> [Task instructions]: From the listing below, output the lines between the one with "Echord GP-10W Pianoforte" and the one with "Blush 1117WGO/54 Ring 14 krt witgoud maat 54", including those two, and nothing else. Pictures are not copied.

> [Material for this exercise]:
□ □ □
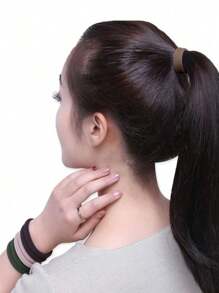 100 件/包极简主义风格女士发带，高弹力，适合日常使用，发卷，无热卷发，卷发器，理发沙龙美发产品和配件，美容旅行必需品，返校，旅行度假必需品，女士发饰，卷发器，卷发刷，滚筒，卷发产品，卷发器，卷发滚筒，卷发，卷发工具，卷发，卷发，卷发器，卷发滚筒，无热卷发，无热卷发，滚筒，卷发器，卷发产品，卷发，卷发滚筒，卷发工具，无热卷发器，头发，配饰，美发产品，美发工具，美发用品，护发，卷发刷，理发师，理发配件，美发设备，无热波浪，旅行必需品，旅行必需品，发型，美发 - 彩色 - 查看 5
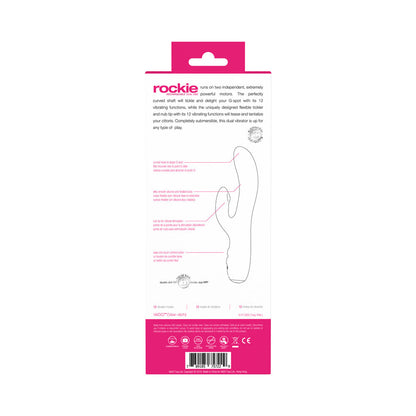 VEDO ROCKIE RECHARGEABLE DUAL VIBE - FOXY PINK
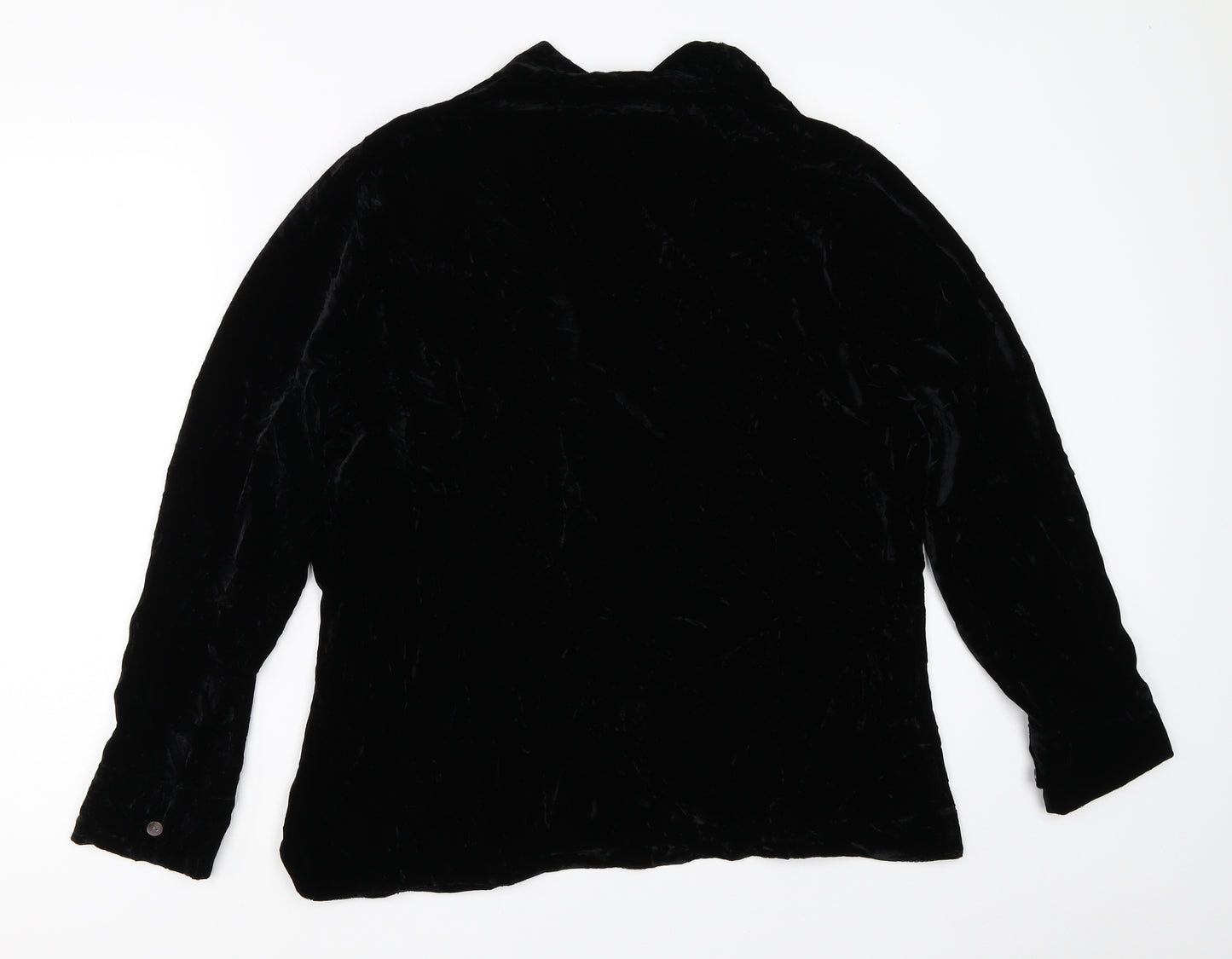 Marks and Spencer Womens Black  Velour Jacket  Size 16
□ □ □
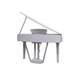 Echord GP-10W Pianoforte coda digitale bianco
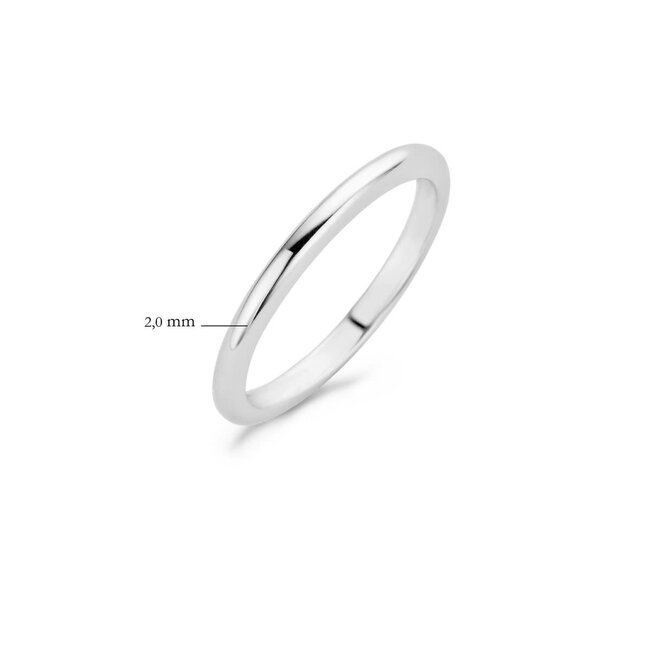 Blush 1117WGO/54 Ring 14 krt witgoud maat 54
□ □ □
> [Answer to this problem]:
 Echord GP-10W Pianoforte coda digitale bianco
 Blush 1117WGO/54 Ring 14 krt witgoud maat 54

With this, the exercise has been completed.